(Exercise objective): Beneath this instruction is a listing. Transcribe from it only the stretch from the line with "Vivo Maisha Wide" through the line with "Genuine Leather Strap", both end lines included, exactly as written.

(Supplied data):

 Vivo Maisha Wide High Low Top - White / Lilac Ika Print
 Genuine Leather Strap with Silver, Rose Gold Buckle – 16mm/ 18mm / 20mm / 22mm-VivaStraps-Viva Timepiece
...
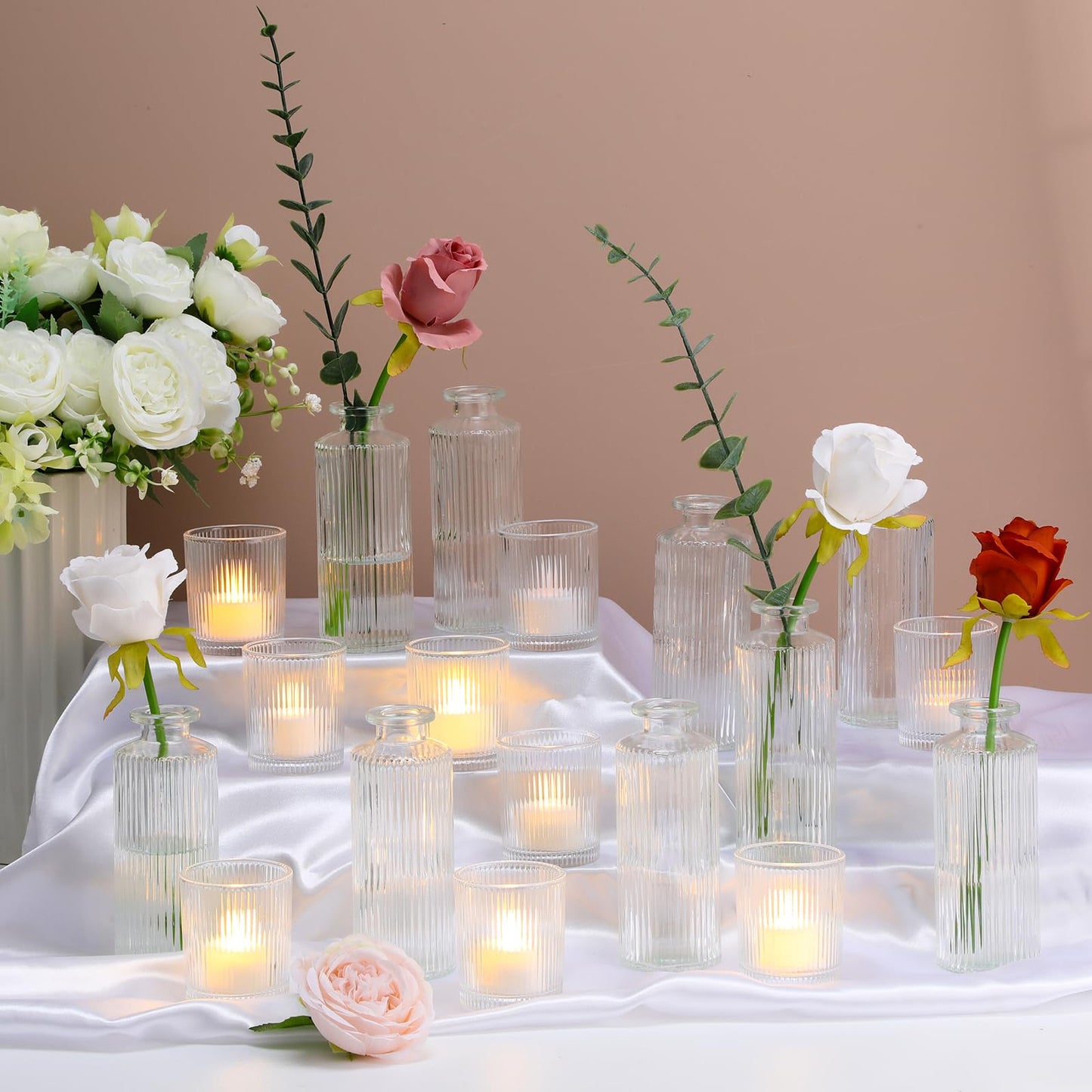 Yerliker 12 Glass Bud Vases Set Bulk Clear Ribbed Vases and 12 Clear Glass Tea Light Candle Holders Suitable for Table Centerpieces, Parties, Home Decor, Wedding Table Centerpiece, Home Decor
==
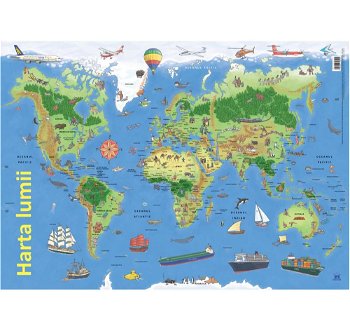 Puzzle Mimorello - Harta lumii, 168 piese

(Result for this exercise):
 Vivo Maisha Wide High Low Top - White / Lilac Ika Print
 Genuine Leather Strap with Silver, Rose Gold Buckle – 16mm/ 18mm / 20mm / 22mm-VivaStraps-Viva Timepiece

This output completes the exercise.